Before the defense of lack of medical necessity will be considered, the Defendant must demonstrate, through the submission of evidentiary proof in admissible form, that it timely issued a proper N-F 10 asserting that defense in response to the Plaintiff’s claim. The Defendant will be precluded from raising its medical necessity defense where it fails to make such a demonstration. Presbyterian Hospital in the City of New York v. Maryland Casualty Company, 90 NY2d 274, 660 NYS2d 536 (1997); Mt. Sinai Hospital v. Triboro Coach Incorporated, 263 AD2d 11, 699 NYS2d 77 (2nd Dept. 1999); Church Avenue Medical Care, P.C. v. Allstate Insurance Company, 189 Misc 2d 340, 731 NYS2d 582 (App. Term 2nd Dept. 2001); Struhl v. Progressive Casualty Insurance Company, 7 Misc 3d 138(A), 801 NYS2d 242 (App. Term 9th and 10th Jud. Dists. 2005)

Addressing the timely service of the Defendant’s N-F 10, although the court does not find the affidavit of Kathleen McClernon to properly demonstrate “either proof of actual mailing or proof of a standard office practice or procedure designed to ensure that items are properly addressed and mailed (citations omitted)[,]” Residential Holding Corp. v. Scottsdale Insurance Company,286 AD2d 679, 729 NYS2d 776 (2nd Dept. 2001); See also: New York and Presbyterian Hospital v. Allstate Insurance Co., 29 AD3d 547, 814 NYS2d 687 (2nd Dept. 2006), or one “geared so as to ensure the likelihood that a notice … is always properly addressed and mailed[,]” Nassau Insurance Company v. Murray, 46 NY2d 828, 414 NYS2d 117 (1978), this issue need not be determined by the court. The Plaintiff acknowledges that its claim was timely denied and that it received the Defendant’s N-F 10. Plaintiff states, “On April 14, 2005, GEICO denied the bills for the elctrodiagnostic [sic] and/or other diagnostic services[,]” (Armao Affirmation 9/7/07, ¶ 7), and annexes a copy of the N-F 10 to its motion papers, confirming this fact. This admission cures the defect in the Defendant’s proof concerning the timeliness of its denial.

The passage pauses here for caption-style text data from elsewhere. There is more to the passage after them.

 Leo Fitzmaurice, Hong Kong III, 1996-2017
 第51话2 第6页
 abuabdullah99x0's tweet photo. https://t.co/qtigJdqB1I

In an effort to demonstrate the propriety of its modified N-F 10 the Defendant relies upon the affidavits of Mark Pressler and Aurora de la Torre. In November 2006 Mr. Pressler was an Assistant Deputy Superintendent and Chief of the Property Bureau of the New York State Insurance Department, whose duties included oversight of the no-fault reparations system. Aurora de la Torre, is a Senior Vice President of Operations of Nadent-Health Data Services (“HDS”) and has held a management position with that company since 1980. In January and February of 1992 she was the Director of Operations. Her duties included providing assistance in no-fault claims procedure, systems and fee schedule coding.

Ms. de la Torre alleges that in January 1992 HDS contacted the Insurance Department of behalf of the Defendant, “to see if GEICO could use a form for denial of health service benefits which would not include boxes for defenses that had no application to the health provider’s claims.” (de la Torre Affidavit 2/5/07, ¶ 2) Ms. de la Torre submits a copy of the Insurance Department’s reply letter dated January 23, 1992 which states that the proposed form may not be [*5]used, indicating, inter alia, “Your page two as presently constituted does not meet the prescribed standards. … Your modification of page two of the NF-10 form is not acceptable and can not be used in its present format.” (Smeragliuolo Letter 1/23/92, ¶ 2) Ms. de la Torre alleges that HDS then amended its proposed form, in accordance with Mr. Smeragliuolo’s recommendations, and faxed a copy to the Insurance Department on January 31, 1992. Ms. de la Torre further alleges that HDS then received a letter from Mr. Smeragliuolo dated February 3, 1992 allowing the proposed amended N-F 10 to be used. HDS then so notified GEICO.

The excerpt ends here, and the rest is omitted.